=== Data for this exercise ===

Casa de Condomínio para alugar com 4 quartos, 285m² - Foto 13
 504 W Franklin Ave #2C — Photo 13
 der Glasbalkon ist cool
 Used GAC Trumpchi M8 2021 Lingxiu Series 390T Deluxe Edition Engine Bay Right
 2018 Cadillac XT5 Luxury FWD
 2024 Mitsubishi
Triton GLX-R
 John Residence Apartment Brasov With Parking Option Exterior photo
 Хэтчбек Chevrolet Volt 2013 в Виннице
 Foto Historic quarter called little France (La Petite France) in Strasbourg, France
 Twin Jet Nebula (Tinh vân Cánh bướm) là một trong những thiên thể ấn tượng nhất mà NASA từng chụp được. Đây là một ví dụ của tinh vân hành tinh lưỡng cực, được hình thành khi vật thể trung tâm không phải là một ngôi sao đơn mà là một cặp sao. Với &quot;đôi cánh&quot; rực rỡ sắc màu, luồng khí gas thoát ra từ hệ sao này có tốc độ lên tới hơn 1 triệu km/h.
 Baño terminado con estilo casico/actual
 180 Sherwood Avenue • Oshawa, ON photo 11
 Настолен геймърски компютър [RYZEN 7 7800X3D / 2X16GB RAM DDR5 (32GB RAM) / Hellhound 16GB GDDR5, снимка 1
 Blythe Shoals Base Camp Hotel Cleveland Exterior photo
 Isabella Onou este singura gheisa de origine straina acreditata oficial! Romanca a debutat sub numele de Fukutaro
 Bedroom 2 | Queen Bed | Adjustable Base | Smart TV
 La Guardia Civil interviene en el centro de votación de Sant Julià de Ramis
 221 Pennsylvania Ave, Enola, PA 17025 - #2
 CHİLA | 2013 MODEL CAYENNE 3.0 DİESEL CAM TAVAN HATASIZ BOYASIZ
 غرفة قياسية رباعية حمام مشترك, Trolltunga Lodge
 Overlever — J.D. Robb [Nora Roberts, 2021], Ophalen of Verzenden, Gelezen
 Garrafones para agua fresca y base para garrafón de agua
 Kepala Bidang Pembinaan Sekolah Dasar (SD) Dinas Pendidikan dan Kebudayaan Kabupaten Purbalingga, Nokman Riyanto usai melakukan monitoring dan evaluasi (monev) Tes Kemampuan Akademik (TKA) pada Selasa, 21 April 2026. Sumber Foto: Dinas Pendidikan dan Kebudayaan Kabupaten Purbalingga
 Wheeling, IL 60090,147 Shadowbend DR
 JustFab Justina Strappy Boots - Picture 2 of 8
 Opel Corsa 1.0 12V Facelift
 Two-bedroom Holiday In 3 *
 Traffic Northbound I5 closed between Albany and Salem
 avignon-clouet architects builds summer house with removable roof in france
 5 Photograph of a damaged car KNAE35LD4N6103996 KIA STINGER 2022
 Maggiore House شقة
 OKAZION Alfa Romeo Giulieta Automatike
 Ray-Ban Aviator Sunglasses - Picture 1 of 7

===

Task brief » Return exactly, and only, the lines above starting at the line that contains "2024 Mitsubishi" and ending at the line that contains "Foto Historic quarter".

Result »
 2024 Mitsubishi
Triton GLX-R
 John Residence Apartment Brasov With Parking Option Exterior photo
 Хэтчбек Chevrolet Volt 2013 в Виннице
 Foto Historic quarter called little France (La Petite France) in Strasbourg, France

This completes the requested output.